● **TO DO**
Return exactly the span of lines in the following data that opens with the line containing "Preview for 196" and closes with the line containing "Used Citroen C3". Include nothing else.
══════
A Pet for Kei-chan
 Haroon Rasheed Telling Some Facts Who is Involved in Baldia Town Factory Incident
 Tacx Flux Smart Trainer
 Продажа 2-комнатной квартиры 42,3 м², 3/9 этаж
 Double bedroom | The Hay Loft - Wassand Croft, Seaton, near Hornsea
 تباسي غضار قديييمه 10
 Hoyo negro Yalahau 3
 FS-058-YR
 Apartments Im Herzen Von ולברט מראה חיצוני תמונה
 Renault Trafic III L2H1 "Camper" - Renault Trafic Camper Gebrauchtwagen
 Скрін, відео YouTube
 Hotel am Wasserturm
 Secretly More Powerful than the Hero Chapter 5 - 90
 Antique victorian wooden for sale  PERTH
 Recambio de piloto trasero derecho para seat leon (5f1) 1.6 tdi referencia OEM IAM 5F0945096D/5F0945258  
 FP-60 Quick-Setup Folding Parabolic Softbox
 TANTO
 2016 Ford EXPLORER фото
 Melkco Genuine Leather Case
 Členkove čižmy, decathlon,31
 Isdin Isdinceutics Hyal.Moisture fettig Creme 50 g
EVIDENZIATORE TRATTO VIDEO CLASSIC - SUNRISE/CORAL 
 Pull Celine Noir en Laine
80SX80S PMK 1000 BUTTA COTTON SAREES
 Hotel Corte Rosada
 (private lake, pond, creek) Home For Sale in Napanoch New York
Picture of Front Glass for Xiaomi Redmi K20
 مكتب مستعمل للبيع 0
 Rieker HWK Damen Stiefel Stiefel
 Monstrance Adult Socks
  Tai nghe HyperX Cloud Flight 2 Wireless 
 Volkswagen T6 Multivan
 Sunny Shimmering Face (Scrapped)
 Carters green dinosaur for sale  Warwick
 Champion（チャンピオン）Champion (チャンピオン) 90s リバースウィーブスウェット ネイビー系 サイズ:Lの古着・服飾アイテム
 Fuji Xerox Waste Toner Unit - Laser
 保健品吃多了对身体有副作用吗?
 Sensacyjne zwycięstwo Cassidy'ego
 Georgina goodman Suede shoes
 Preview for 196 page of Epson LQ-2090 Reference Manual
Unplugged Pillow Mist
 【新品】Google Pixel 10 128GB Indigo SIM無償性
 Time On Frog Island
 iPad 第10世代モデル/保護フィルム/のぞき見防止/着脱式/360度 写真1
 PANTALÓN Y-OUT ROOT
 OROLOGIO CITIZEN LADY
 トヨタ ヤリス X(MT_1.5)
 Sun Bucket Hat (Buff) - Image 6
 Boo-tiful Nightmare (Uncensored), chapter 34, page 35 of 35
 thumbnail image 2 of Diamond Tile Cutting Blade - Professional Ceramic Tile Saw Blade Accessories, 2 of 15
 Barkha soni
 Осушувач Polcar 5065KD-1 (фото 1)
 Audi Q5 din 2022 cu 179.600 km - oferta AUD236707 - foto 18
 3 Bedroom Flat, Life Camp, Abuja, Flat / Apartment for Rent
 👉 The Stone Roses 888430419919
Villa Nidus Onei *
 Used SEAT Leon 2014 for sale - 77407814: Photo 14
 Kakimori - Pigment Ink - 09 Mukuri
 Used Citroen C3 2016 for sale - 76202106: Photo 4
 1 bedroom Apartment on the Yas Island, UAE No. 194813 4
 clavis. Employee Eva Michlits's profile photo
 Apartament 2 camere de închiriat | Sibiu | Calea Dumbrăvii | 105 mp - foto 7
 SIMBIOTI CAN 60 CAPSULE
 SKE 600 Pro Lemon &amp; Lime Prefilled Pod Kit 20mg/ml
══════
● **EXERCISE RESULT**
 Preview for 196 page of Epson LQ-2090 Reference Manual
Unplugged Pillow Mist
 【新品】Google Pixel 10 128GB Indigo SIM無償性
 Time On Frog Island
 iPad 第10世代モデル/保護フィルム/のぞき見防止/着脱式/360度 写真1
 PANTALÓN Y-OUT ROOT
 OROLOGIO CITIZEN LADY
 トヨタ ヤリス X(MT_1.5)
 Sun Bucket Hat (Buff) - Image 6
 Boo-tiful Nightmare (Uncensored), chapter 34, page 35 of 35
 thumbnail image 2 of Diamond Tile Cutting Blade - Professional Ceramic Tile Saw Blade Accessories, 2 of 15
 Barkha soni
 Осушувач Polcar 5065KD-1 (фото 1)
 Audi Q5 din 2022 cu 179.600 km - oferta AUD236707 - foto 18
 3 Bedroom Flat, Life Camp, Abuja, Flat / Apartment for Rent
 👉 The Stone Roses 888430419919
Villa Nidus Onei *
 Used SEAT Leon 2014 for sale - 77407814: Photo 14
 Kakimori - Pigment Ink - 09 Mukuri
 Used Citroen C3 2016 for sale - 76202106: Photo 4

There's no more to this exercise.